Do not interrupt. It’s impolite to interrupt or over-speak. Give someone time and respect to finish their thought.
Do not finish their sentence. It’s disrespectful, and it suggests that you think you’re smarter, faster, or don’t have time and need them to hurry. Employ a little patience, and let them finish their thoughts. You might be surprised by how much more they have to say — and how much more you may learn.

Do not compose your response while someone is speaking. If you’re doing that, you can’t be listening attentively.
Curb your enthusiasm. Don’t immediately add your similar story, and make it about you. It comes across as a “one-up.” It’s okay to mention you had a similar situation, you’re relating and creating a connection. But withstand the urge to elaborate extensively and shift the focus to you.

  1. Respond appropriately. There are often natural pauses that occur in conversation where it’s appropriate for the non-speaking party to chime in. If you’re listening attentively, you’ll hear them, and you can respond appropriately. If you want to, feel free to ask questions to clarify what you heard. This signals that you’re listening, and more importantly, that you hear what you’re being told.
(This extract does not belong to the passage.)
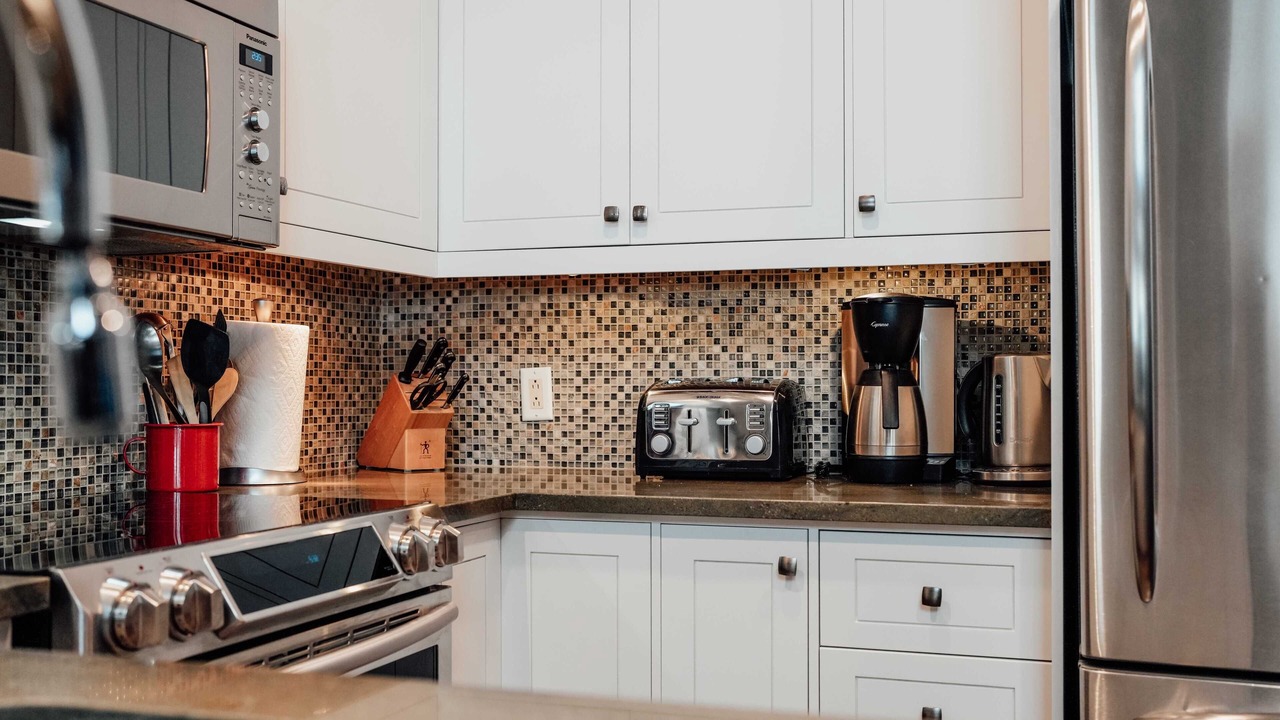 Photo of Kitchen in Versant Soleil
Note, it’s okay to disagree. Just do so in a respectful manner. That way you can continue the dialogue, and with it, an opportunity for learning.

There are many benefits of being a good listener in personal and professional life, such as building trust and becoming more productive as you absorb new, or potentially more nuanced information. You will also benefit from improved communication, which will prevent misunderstandings, wasted time, and frustration.